1.1.6 Because of the cycle of Board meetings, it is possible to need to make urgent major decisions ahead of the next Board meeting. In this event, an urgent major decision will be made as follows:
(a)The Group Managing Director of Your Homes Newcastle will prepare a report in the format of a Board report for the Chair of Your Homes Newcastle, who will then approve the major decision, subject to approval by at least one other Board member, who should be the Vice Chair of the Board or the Chair of a Committee of the Board.

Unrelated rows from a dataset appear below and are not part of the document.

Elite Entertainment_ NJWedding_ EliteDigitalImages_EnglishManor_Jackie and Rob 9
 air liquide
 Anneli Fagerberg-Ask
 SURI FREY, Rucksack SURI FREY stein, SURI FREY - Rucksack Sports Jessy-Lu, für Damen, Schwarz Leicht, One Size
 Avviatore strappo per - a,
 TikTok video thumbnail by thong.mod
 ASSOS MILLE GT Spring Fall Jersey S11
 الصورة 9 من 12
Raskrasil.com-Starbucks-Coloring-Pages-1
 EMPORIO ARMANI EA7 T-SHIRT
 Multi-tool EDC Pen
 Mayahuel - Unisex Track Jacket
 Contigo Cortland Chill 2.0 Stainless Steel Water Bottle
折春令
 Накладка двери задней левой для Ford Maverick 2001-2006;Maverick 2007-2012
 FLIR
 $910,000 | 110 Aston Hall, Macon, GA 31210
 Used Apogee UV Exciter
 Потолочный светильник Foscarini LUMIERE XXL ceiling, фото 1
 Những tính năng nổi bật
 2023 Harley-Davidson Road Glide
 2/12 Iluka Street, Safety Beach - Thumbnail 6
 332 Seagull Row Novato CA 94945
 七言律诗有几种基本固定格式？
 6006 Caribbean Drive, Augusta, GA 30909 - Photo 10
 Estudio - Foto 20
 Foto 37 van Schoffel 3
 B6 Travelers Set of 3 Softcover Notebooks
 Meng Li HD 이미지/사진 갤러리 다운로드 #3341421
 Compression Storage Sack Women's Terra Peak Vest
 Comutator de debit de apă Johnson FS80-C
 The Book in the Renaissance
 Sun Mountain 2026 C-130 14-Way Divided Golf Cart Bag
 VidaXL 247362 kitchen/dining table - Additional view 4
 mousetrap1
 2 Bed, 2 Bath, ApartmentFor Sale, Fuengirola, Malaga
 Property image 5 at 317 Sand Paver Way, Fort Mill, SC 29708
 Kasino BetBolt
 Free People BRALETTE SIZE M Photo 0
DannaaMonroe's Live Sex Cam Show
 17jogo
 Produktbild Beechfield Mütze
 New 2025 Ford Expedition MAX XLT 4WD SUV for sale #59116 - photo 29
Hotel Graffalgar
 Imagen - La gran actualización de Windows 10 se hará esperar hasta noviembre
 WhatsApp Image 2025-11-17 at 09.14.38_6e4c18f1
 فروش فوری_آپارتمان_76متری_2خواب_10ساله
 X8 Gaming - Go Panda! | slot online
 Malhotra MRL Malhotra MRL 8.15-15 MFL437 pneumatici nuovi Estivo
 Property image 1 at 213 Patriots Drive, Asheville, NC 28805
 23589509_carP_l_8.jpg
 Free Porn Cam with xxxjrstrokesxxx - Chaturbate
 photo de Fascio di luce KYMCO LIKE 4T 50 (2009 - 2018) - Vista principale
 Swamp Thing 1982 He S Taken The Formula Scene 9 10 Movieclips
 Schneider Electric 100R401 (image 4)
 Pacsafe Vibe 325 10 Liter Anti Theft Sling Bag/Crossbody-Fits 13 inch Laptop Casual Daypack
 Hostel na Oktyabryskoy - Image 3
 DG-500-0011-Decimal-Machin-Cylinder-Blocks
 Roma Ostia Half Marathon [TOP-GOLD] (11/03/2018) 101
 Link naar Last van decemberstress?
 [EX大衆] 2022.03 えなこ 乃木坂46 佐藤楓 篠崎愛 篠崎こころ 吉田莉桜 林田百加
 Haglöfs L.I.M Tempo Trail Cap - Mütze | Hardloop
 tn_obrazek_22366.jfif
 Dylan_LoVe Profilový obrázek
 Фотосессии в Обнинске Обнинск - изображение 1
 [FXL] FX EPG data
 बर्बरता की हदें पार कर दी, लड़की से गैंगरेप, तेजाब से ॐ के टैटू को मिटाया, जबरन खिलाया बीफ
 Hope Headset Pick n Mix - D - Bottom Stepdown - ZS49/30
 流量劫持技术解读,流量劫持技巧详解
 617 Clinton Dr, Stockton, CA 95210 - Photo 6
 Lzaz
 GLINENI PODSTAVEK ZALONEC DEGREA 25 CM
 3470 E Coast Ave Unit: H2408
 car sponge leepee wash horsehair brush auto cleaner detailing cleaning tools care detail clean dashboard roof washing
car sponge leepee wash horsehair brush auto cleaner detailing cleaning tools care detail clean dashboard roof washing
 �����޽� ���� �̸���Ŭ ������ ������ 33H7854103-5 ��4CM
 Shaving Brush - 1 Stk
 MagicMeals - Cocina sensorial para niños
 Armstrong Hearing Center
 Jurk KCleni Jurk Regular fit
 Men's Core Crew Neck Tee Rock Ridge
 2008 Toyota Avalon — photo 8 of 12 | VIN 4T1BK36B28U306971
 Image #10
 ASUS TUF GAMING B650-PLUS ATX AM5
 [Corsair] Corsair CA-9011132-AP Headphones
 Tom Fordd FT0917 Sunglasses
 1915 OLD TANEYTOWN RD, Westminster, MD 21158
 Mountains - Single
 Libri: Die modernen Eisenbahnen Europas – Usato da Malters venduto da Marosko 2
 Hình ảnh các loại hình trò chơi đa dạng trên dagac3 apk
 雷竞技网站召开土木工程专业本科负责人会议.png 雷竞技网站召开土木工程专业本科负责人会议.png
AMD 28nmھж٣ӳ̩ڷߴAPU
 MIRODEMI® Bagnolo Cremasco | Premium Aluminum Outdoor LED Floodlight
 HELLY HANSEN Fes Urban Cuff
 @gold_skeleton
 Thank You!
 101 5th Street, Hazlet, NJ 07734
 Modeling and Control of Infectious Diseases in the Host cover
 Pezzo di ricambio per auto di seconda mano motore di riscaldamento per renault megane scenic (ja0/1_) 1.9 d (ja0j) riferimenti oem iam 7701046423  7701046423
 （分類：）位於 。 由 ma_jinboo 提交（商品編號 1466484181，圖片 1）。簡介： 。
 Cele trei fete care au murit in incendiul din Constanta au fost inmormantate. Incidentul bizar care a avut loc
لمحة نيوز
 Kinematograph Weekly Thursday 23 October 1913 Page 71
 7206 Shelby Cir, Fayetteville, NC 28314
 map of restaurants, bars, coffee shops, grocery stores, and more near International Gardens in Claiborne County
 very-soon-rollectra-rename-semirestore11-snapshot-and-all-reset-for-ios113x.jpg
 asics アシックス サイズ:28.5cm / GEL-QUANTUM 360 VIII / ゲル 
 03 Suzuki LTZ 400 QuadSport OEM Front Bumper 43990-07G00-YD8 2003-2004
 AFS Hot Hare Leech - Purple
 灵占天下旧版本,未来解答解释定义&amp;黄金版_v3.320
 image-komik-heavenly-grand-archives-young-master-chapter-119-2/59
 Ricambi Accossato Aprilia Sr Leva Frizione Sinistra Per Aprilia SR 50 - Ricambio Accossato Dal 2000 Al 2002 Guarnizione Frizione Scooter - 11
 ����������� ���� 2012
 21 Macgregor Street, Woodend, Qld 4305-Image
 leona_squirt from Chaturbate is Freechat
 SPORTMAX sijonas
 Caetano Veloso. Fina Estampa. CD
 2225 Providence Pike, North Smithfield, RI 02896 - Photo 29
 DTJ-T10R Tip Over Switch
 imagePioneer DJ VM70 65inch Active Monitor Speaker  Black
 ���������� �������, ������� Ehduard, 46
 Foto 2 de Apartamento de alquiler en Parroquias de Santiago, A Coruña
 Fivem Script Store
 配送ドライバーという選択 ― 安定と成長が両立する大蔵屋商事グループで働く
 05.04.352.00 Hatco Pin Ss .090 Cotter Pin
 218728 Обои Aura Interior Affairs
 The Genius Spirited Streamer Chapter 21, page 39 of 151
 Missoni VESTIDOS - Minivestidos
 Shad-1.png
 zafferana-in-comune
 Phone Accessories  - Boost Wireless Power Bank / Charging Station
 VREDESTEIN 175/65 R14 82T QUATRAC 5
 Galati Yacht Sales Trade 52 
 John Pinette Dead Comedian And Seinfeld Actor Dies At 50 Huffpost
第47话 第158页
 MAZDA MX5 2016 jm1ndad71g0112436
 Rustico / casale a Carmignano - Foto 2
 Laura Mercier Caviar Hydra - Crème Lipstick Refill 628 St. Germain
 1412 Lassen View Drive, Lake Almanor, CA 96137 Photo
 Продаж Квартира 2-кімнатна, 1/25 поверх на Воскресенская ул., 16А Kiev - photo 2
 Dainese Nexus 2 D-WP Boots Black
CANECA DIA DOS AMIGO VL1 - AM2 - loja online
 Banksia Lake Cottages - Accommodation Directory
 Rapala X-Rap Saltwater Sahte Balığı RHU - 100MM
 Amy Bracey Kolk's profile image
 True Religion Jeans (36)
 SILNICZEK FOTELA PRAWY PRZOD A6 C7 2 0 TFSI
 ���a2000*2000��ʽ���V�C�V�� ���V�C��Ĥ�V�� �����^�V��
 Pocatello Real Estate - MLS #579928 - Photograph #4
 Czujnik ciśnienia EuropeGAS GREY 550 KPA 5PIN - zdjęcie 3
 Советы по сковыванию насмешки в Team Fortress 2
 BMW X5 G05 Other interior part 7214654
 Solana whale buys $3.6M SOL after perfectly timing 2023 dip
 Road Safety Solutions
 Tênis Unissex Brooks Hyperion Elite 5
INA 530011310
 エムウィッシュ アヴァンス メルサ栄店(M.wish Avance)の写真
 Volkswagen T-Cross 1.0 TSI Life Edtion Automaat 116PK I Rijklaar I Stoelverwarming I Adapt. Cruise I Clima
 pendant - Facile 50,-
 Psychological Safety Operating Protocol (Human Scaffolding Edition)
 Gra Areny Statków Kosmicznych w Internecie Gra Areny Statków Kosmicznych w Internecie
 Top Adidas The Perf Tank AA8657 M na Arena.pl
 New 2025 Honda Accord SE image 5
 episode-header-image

(b)The full report and the decision of the Chair and other Board member(s) should then be reported to the next available Board meeting for information or circulated immediately under exceptional circumstances.
Specific delegations
1.2 Staffing Conditions
1.2.1 The Group Managing Director will be responsible for appointing, managing, disciplining and dismissing all employees within the Group subject to complying with:
(a) employment policies and conditions of service;
(b) any appropriate schemes or arrangements laid down by the Group Board; and
(c) any directions that may be issued from time to time by the Group Board.
1.2.2 The following matters must be dealt with by the Group Board
(a)agreeing personnel policies, other than minor or technical changes to existing policies which do not affect the underlying principles of the policies; and
(b)changes to staffing levels or organisational structures that have an additional cost of £100,000 a year or more or where there is no budget provision unless in either case the change is incidental to a key decision taken by the Board.
1.2.3 The following matters must be dealt with by the Group Managing Director or their delegated officers in consultation with Newcastle City Council's Head of Operational HR
(a) authorising payments of honoraria that exceed £2,000 in the case of any one employee or in circumstances that are not covered by the policy guidelines.
(b) reviewing and authorising changes to departmental structures and establishments where there is a cost of less than £100,000in a financial year and there is budget provision.
(c) determining applications from employees for their post to be re-graded.
(d) authorising payments for employees in the case of early retirement, voluntary redundancy and redeployment.
(e) authorising the creation of additional temporary posts for more than six months, where budget provision exists.
(f) authorising requests for leave which are either not covered by a policy or which exceed the limits in the relevant policy.
(g) paying compensation to employees for pain and suffering incurred by them as a result of assault and/or harassment and/or attacks by animals whilst undertaking their duties and responsibilities.